### What to produce
For the entries below, the result should be an exact transcription of the lines from the one with "(Smoke Pink) (2)" up to and including the one with "Funny Bunny Ice Cream Cone T-Shirt", and only those.

### Record excerpts
------------------------------------------------

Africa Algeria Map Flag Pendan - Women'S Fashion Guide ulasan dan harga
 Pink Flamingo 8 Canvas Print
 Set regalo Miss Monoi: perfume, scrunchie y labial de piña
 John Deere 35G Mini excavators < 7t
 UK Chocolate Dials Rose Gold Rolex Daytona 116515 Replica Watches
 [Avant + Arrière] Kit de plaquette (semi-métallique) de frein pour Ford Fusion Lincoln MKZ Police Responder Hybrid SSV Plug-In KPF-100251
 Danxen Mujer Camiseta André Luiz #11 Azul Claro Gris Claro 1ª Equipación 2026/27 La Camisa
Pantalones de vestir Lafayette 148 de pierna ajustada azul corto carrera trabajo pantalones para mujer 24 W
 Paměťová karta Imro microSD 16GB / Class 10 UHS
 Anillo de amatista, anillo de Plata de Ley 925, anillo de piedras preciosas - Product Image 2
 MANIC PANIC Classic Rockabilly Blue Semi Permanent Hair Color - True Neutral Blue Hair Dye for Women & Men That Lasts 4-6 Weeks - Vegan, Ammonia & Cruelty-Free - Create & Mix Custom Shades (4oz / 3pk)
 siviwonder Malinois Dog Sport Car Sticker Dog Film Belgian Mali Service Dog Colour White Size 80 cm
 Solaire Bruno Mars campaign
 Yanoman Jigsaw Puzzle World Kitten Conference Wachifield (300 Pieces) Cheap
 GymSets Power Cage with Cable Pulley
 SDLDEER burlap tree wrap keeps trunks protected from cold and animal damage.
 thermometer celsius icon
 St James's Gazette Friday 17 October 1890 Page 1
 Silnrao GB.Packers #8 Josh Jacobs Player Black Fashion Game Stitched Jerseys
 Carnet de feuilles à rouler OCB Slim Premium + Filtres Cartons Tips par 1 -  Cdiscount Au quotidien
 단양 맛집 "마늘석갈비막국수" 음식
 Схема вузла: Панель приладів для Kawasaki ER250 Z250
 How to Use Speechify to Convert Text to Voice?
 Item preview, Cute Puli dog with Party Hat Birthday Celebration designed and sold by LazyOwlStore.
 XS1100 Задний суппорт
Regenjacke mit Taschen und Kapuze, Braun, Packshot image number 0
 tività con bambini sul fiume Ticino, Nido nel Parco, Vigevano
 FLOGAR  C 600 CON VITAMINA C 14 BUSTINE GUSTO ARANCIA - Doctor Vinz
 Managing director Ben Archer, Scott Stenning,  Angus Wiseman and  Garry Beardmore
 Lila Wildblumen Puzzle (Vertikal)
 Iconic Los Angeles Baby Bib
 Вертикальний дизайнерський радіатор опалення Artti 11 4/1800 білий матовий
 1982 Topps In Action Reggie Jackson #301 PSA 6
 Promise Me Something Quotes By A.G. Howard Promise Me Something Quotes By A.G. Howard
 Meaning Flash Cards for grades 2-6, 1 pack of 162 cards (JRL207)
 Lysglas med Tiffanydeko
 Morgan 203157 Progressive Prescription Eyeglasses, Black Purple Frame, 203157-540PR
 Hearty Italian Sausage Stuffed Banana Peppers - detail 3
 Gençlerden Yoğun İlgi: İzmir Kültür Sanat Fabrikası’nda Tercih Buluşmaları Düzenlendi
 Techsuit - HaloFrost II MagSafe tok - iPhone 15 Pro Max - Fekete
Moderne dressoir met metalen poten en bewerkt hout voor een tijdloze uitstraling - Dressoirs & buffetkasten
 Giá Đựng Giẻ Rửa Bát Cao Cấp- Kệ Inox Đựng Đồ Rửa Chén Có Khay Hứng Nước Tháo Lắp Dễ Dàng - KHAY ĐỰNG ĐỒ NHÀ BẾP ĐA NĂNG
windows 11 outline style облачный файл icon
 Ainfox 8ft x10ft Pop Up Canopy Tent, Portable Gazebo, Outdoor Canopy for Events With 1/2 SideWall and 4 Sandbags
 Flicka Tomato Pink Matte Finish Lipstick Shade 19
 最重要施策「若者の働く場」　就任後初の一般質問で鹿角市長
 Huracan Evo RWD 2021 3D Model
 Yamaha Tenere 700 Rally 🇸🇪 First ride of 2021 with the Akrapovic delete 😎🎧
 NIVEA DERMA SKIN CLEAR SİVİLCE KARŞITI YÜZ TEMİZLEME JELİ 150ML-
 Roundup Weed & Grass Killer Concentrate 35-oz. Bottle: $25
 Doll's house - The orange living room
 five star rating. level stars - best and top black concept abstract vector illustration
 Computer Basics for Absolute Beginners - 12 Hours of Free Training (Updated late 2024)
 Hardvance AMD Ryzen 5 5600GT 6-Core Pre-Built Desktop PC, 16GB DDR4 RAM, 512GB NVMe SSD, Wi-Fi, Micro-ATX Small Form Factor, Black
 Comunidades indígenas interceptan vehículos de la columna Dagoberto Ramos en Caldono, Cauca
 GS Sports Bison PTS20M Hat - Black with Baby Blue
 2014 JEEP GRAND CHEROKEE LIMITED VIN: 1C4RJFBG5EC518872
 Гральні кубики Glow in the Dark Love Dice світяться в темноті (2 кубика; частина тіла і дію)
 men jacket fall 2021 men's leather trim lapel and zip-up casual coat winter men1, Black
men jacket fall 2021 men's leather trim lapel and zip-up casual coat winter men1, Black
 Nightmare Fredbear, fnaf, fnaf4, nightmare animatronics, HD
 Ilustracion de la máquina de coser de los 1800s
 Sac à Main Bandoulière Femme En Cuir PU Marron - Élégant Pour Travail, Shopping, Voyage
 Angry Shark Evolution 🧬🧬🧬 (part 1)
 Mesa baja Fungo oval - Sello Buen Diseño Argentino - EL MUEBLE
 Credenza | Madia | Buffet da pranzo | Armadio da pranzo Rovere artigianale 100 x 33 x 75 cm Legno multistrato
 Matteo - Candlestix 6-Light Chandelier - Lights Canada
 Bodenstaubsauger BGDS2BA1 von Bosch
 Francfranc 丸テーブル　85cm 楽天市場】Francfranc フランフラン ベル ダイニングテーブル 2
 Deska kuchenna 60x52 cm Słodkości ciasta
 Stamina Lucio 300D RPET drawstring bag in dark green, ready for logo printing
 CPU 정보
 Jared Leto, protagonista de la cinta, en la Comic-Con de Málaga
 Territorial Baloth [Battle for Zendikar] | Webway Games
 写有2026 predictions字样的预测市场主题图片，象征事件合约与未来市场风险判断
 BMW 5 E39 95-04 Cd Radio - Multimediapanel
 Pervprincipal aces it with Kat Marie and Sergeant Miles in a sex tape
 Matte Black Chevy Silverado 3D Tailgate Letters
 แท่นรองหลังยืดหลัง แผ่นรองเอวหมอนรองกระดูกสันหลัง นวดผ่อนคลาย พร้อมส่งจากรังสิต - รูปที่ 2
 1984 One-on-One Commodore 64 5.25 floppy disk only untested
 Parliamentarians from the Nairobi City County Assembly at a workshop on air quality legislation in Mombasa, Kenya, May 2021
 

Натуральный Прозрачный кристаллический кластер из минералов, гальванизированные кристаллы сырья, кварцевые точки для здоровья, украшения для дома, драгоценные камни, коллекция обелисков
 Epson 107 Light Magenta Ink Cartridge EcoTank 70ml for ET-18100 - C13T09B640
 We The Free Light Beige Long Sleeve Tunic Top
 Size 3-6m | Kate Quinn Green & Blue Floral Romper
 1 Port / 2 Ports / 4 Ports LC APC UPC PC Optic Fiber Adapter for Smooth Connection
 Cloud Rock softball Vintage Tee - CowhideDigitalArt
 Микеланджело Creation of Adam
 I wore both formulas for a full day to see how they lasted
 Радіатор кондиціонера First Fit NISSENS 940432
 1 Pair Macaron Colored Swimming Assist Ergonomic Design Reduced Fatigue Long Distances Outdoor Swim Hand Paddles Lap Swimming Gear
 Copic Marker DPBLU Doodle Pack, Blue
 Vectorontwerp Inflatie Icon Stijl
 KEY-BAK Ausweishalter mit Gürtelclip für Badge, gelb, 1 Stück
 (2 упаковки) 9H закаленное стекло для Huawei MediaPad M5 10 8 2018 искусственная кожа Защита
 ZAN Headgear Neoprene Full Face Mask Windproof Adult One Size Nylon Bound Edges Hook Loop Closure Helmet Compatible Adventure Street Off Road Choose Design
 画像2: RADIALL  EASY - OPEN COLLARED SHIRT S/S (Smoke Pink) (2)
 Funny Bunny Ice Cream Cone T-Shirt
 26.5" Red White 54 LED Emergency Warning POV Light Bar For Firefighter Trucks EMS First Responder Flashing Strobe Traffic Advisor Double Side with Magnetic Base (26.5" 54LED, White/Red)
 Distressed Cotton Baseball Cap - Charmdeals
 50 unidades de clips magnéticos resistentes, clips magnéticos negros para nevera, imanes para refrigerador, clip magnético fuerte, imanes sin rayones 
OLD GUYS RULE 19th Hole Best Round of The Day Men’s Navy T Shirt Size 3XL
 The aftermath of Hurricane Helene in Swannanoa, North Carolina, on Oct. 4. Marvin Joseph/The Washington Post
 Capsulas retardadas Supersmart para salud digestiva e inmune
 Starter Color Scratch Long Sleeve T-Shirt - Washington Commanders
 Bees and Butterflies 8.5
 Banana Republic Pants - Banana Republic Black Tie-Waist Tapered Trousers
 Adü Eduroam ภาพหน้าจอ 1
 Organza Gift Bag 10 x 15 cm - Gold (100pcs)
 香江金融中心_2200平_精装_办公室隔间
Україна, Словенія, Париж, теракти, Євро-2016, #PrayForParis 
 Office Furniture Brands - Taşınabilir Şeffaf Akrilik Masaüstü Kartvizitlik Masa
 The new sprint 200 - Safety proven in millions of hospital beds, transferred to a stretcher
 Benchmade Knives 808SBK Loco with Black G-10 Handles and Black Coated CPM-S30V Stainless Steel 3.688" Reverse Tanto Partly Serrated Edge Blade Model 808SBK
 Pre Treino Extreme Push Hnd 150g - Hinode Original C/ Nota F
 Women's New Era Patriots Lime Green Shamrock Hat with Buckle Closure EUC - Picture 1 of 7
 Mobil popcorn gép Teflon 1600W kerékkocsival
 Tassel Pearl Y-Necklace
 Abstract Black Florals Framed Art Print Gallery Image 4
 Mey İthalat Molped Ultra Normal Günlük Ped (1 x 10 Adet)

------------------------------------------------

### Your solution
 画像2: RADIALL  EASY - OPEN COLLARED SHIRT S/S (Smoke Pink) (2)
 Funny Bunny Ice Cream Cone T-Shirt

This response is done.